何進が宮殿を出て屋敷に戻ると、集まった将兵達に告げる。
「皆、集まって貰って悪いが。此度は儂の早とちりであった。解散してよいぞ」
何進が解散する様に告げると、皆、何とも言えない顔でその言葉に従ったが袁紹と一部の部下は残った。
「大将軍。何故、兵を挙げないのですかっ」
「今は平和になったのだから、宦官共を皆殺しにしなくても良いと弟と妹が言うからな」
「いけません! このままでは将軍が十常侍達の陰謀で将軍の名声と威厳を貶める事になります!」
「本初殿の言う通りです。大将軍。どうか、考え直しを」
袁紹の言葉に続いて部下達も考えを改める様に言う。
「だがな、一度撤回した事をまたやるというのはな……」
何進は及び腰になっているのを見た袁紹は内心で情けないと思いながら、前々から考えていた事を口に出した。

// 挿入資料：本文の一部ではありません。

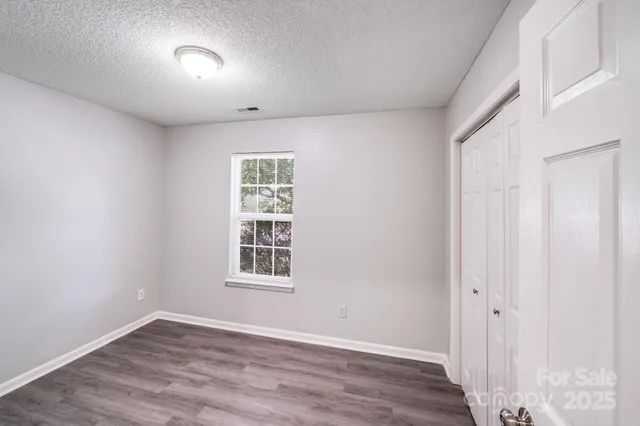 a bathroom with a tub toilet and shower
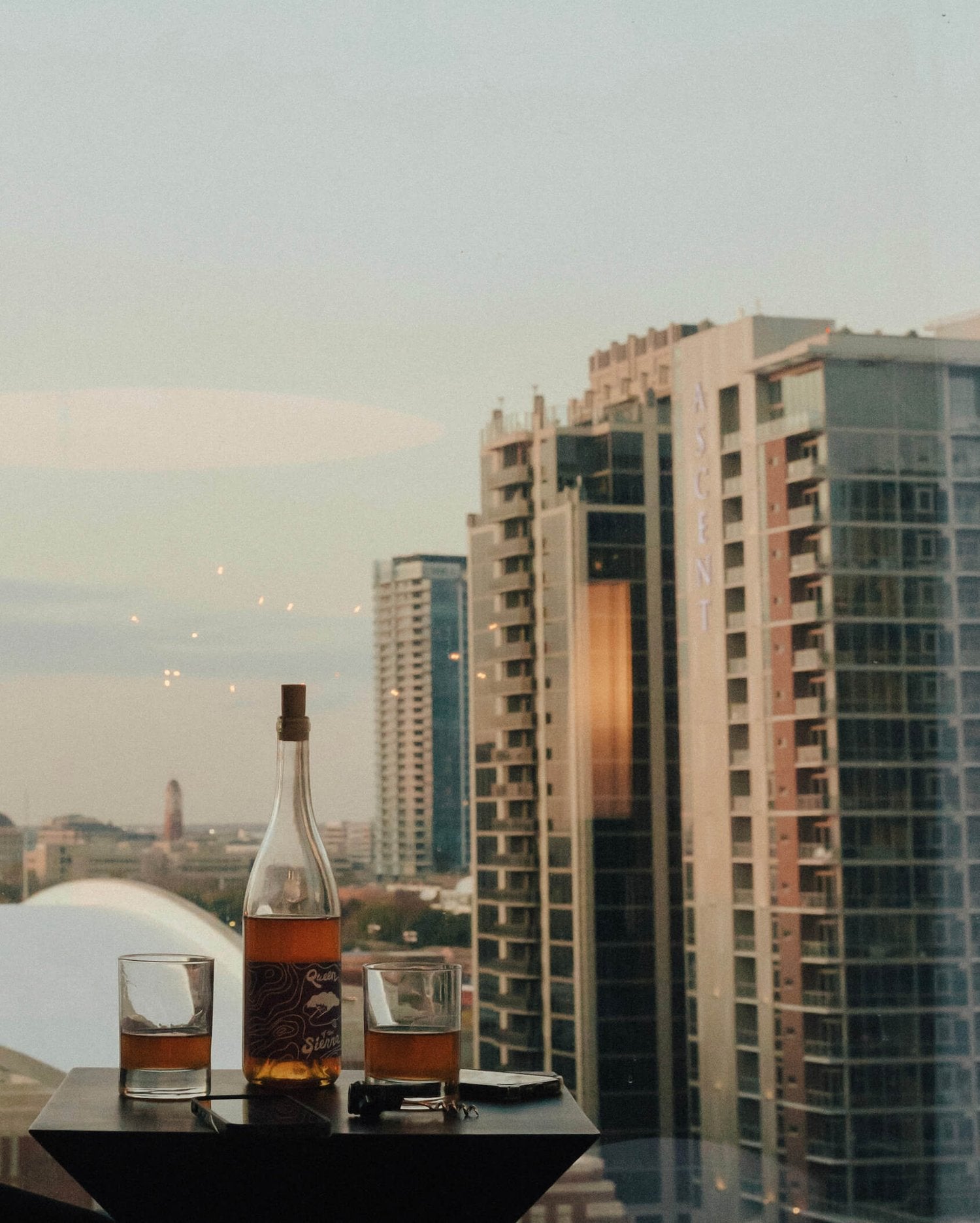 Social media content created for W Dallas showing wine bottle and wine glasses overlooking the Dallas skyline.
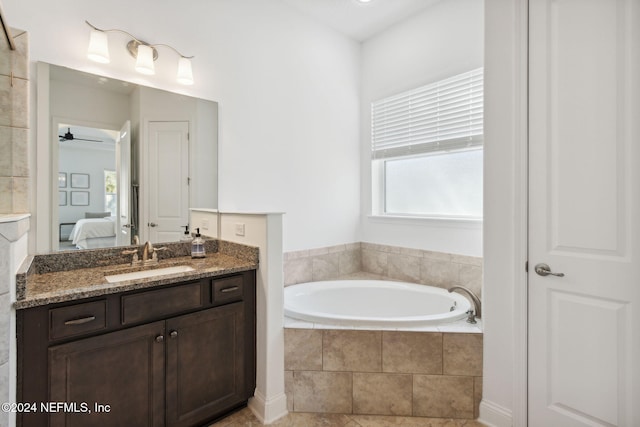 bathroom featuring vanity, ceiling fan, tile patterned flooring, and a relaxing tiled tub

「では、此処は将軍の威光を十常侍達に見せつけるというのは如何ですか?」
「何をするのだ?」
「各州の将軍達を洛陽に呼び寄せて、大将軍の威厳を示すのです」
「将軍達を? どの様な口実で集めるのだ?」
「なに、口実はどうとでもなります。新帝即位を祝う為の閲兵を行うとか、新号記念しての演習という名目でも何でも」
「ふむ。それで儂の威光が各州にまで届いていると十常侍共に見せつけるのだな?」
「その通りです。これであれば問題は無いでしょう」
「うむ。そうだな。それでいこう」
「では、各州の将軍達に使者を送ります」
「うむ。頼んだぞ」
何進は後の細かい事は信頼する袁紹に任せる事にした。
何進に任された袁紹は部下達を集めた。
「各州の将軍達にこの手紙を渡すのだ」
「本初様。その手紙には何と書いてあるのですか?」
「『宮中に蔓延る宦官共を皆殺しにする。この文を受け取った者は直ちに洛陽へと来られたし』と書いてある」
「承知しました」
部下達は手紙を受け取ると、各州へと馬に乗って向かった。
「ふふふ、これで宦官共を皆殺しに出来るな。後は適当な名分をつけて宮中に攻め込む様にすれば良いな」
その名分はどの様なものにしようかと考えながら袁紹はその場を離れた。
今の話を聞いている者が居るとも知らずに。
場所を移して洛陽にある曹家の屋敷。
其処の一室に曹昂が居た。
「袁紹は何進の命令を偽って、各州の将軍達を洛陽に呼び寄せる様です」
「そうか。ありがとう。下がって良いよ」
曹昂は『三毒』の者の報告を聞くと働きを労い下がらせた。
父曹操は丁度、何進の命で兵士や兵糧を集めていたので代わりに報告を聞いたのだ。
「成程ね。本当は圧力を掛ける為に呼び寄せたのか」
何進が各州に散っている将軍達を呼び寄せて宦官達を皆殺しにすると前世の知識で知っていた。
だが、本当は圧力を掛ける為に呼び寄せるだけであったが、其処を袁紹が偽った事であんな面倒な事になると知った。
「……まぁ、これで父上も英雄として名を馳せるようになるのだから良いか」
もし、このまま何進が十常侍達と和解或いは洛陽に居る兵だけで宦官を皆殺しにすれば、曹操が魏の礎を築けたかどうか分からなかった。
その点で言えば、袁紹に感謝すべきかなと思う曹昂。
「董卓への貢ぎ物は届いたし。後は時期を待つだけか」
洛陽に来た時に渡す物は既に曹昂の下に届いている。
後は変が起こるのを待つだけであった。